Tariff Increase on Imports from China Set for May 10; Exclusion Process Coming
The Office of the U.S. Trade Representative has issued a formal notice confirming that the additional tariff on $200 billion worth of goods (List 3 goods) imported from China will be increased from 10 percent to 25 percent as of May 10. The notice also reiterates USTR’s intention to implement a process for requesting exclusions from this tariff but makes no mention of a possible additional tariff on hundreds of billions of dollars’ worth of other imports from China not already subject to higher tariffs under the Section 301 process (List 4 goods).
Please contact trade law firm Sandler Travis & Rosenberg, P.A. to discuss how you can reduce your exposure to these tariff increases through early importation or entry, tariff classification, tariff engineering, first sale, product exclusion requests, and other methods.
The USTR notice amends the Harmonized Tariff Schedule of the U.S. to provide that the tariff increase for List 3 goods will be effective with respect to goods (a) entered for consumption, or withdrawn from warehouse for consumption, on or after 12:01 a.m. eastern daylight time on May 10, 2019, and (b) exported to the U.S. on or after May 10, 2019.
USTR confirmed verbally to ST&R trade attorney David Cohen that the use of “and” in the language above is intentional, which would provide a brief respite from the tariff increase for goods exported before 12:01 a.m. EDT on May 10. However, ST&R will continue to monitor government notices and instructions for consistency with this intent.
USTR also states that it will publish a separate notice describing a process by which interested persons may request the exclusion of specific products from the additional tariff on List 3 goods, including procedures for submitting requests and opposition to requests.

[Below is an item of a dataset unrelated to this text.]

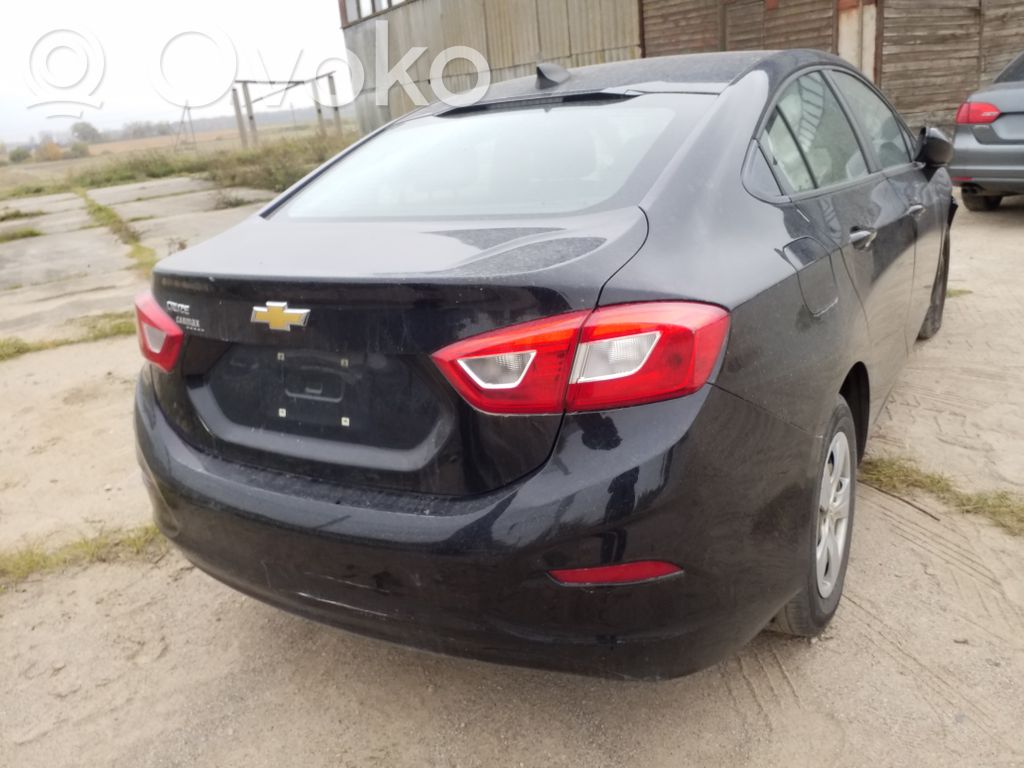 Cruze II Cruze  12685682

While it is unclear when this process may get underway, importers of List 3 goods can start preparing now to file exclusion requests for their products.
According to the notice, the president elected to increase the additional tariff on List 3 goods due to a lack of progress since March in negotiations toward a bilateral trade agreement and because “China has chosen to retreat from specific commitments agreed to in earlier rounds.” In particular, Beijing reportedly reversed course on codifying those commitments in law and said it would instead implement them through regulatory and administrative actions, which seems to have raised questions of enforceability for the U.S.
Senior Chinese officials are due in Washington May 9 to resume negotiations and U.S. officials have said progress in those talks could play a role in whether the additional tariff increase proceeds as planned.